Après Joystick, tu es allé chez Delphine software. Je crois me souvenir que tu étais admiratif du travail d'Eric Chahi.
Il me semble d'ailleurs que tu avais fait un sujet à ce propos dans Micro
Kids. Qu'est ce qui t'a décidé à sortir du journalisme spécialisé ?

Dany Boolauck : Après Joystick, je suis retourne chez Tilt avant de rejoindre
Delphine Software. L'aventure Delphine commence par Victor Perez PR de
Delphine, à l'époque, qui m'approche et me propose de rencontrer Paul de Senneville, patron de Delphine. J'hésite au debut mais comme il accepte mes conditions sans négocier, je ne peux pas refuser ! Eric Chahi ne
faisait plus partie de Delphine quand j'ai rejoint l'équipe.

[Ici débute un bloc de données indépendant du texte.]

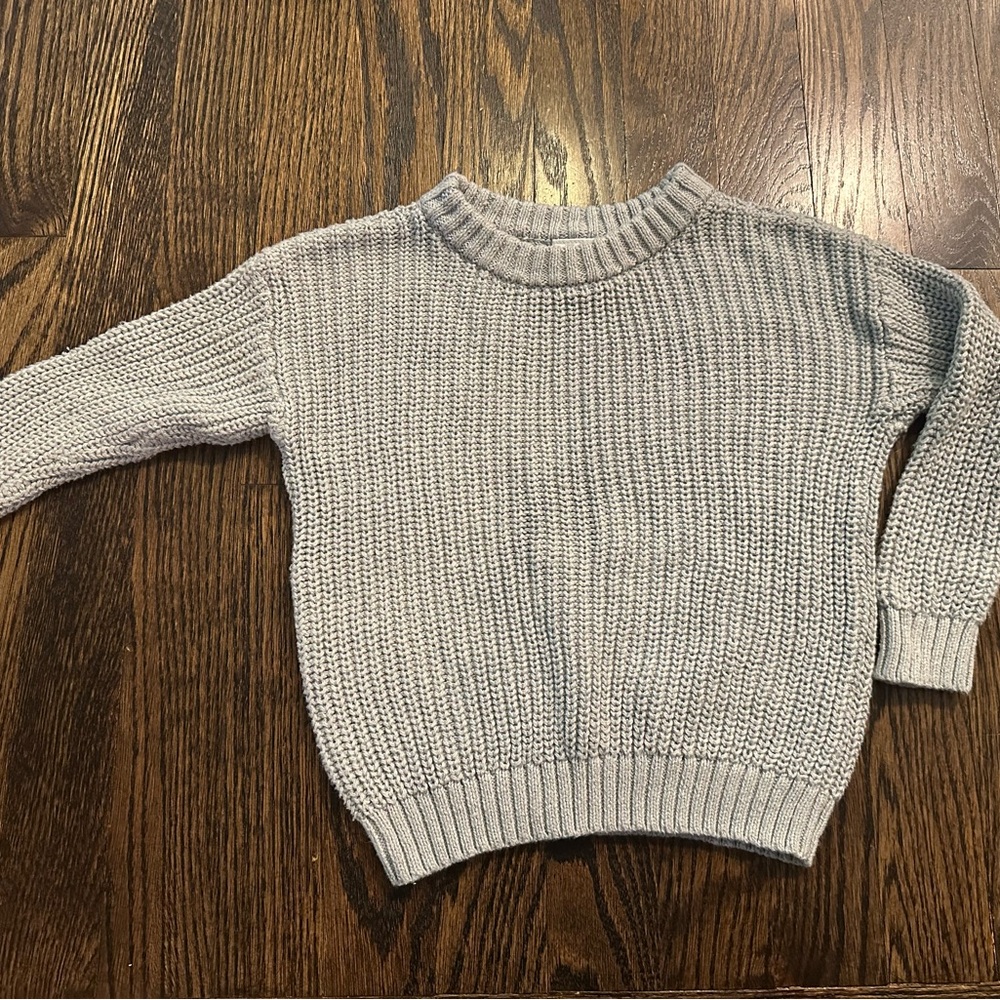 Little Co. Blue Gray Baby Knit Sweater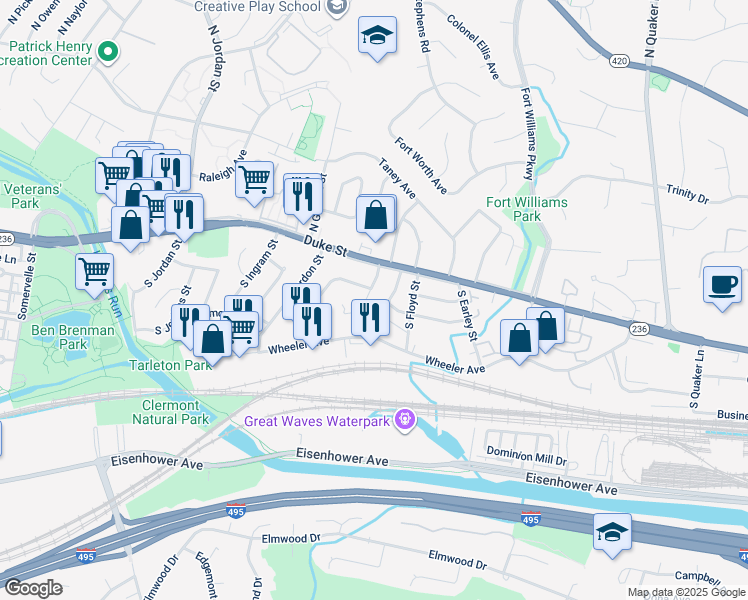 map of restaurants, bars, coffee shops, grocery stores, and more near 26 South French Street in Alexandria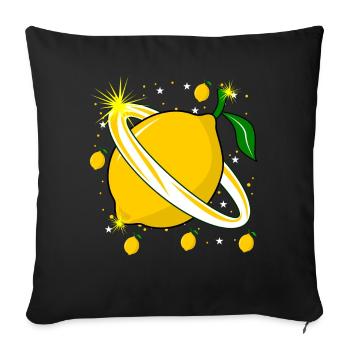 Lemon in space Lemons - Sofa pillowcase 17,3'' x 17,3'' (45 x 45 cm) - black - Front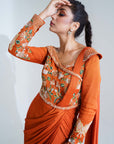 Mint Green Drape Skirt Set with Ruffle Dupatta - Georgette Crepe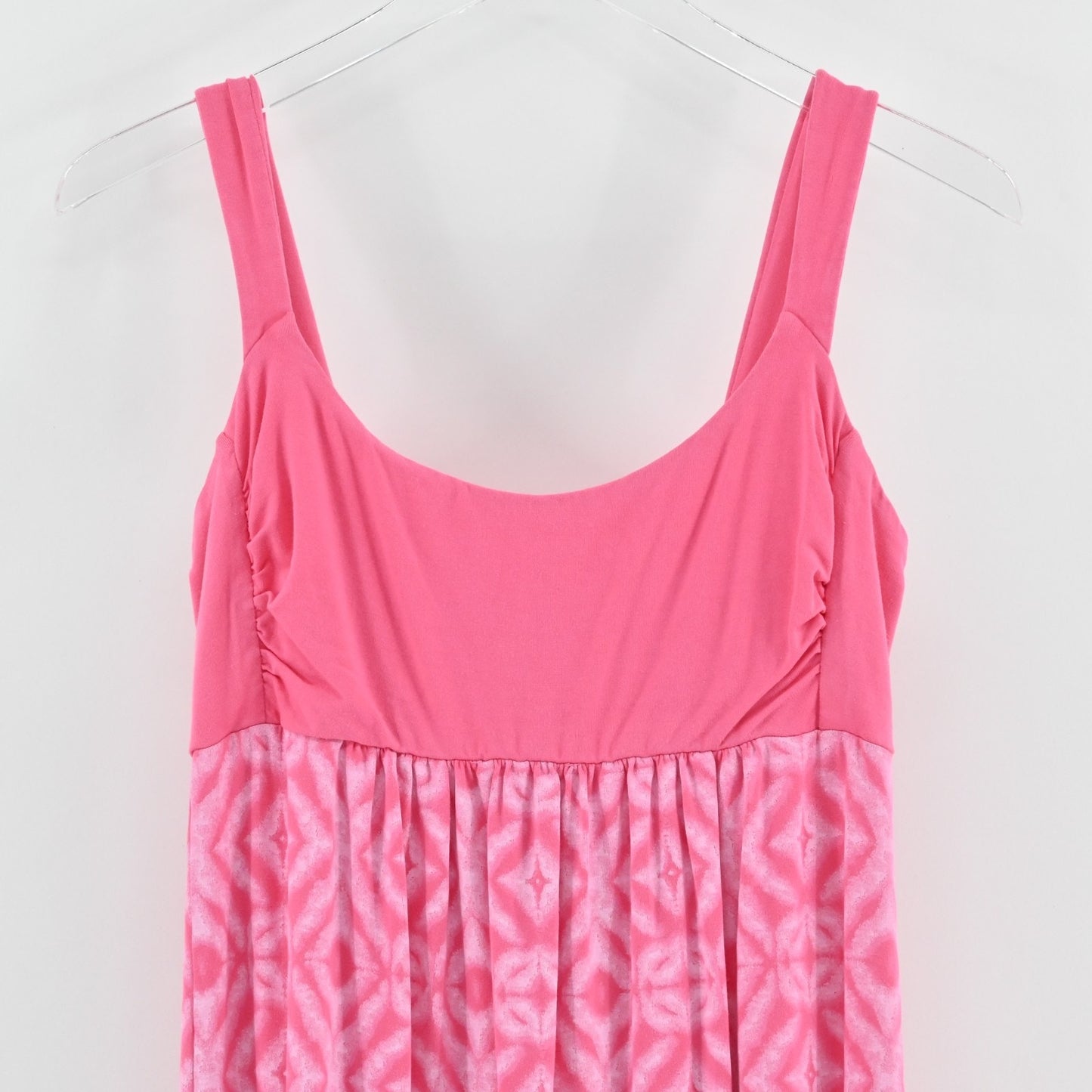 Fresh Produce Pink Ikat Maxi Dress Size S Babydoll Tank Smocked Stretch Beach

Tu est donc devenu producteur exécutif chez Delphine et ensuite Adeline software. Quel est le rôle d'un producteur
exécutif ?

Dany Boolauck : C'est un rôle multi-tache. J'avais la responsabilité de la
localisation des produits New World Computing (Might and Magic). Je
participais dans les négociations de contrats et je faisais la liaison
entre les équipes créatrices et le commercial et marketing des licensees ou distributeurs. Je devais également inviter des créateursJà venir
rejoindre notre groupe. C'est ce que j'ai fait avec Adeline software.

Aujourd'hui tu t'occupes de distribuer des jeux pour la Thailande. Quels sont les jeux que tu distribues ?

Dany Boolauck : Aujourd'hui je distribue pour la thailande uniquement les jeux (PC ou PS3) Square Enix (just Cause et Kane and Lynch, Batman etc) et Namco
Bandai (Dragon Ball, Naruto, Enslaved, Ben 10 etc).

Que représente ce marché comparé au marché français et européen ?

Dany Boolauck : Il est comparable au marché francais et les pirates occupent 80% du marché.

A quoi ressemblent tes journées ? C'est un travail de bureau ou il y a encore du « terrain » ?

Dany Boolauck : En tant que distributeur c'est beaucoup de bureau (beaucoup de
téléphone) et un peu de terrain. Rien de vraiment spécial à dire car une journee de bureau ici c'est comme en France sauf qu'on a plus de soleil ici.

Est
ce que tu envisages d'écrire ou de réagir à nouveau sur l'actualité à
l'image d'AHL ou Cyril Drevet ou est ce que la page est définitivement
tournée ?

Dany Boolauck : Ecrire a nouveau ? Oui certainement mais encore faut-il que l'opportunité se présente et qu'elle me convienne.

Merci beaucoup Dany et au plaisir de te lire à nouveau si une belle opportunité se présente !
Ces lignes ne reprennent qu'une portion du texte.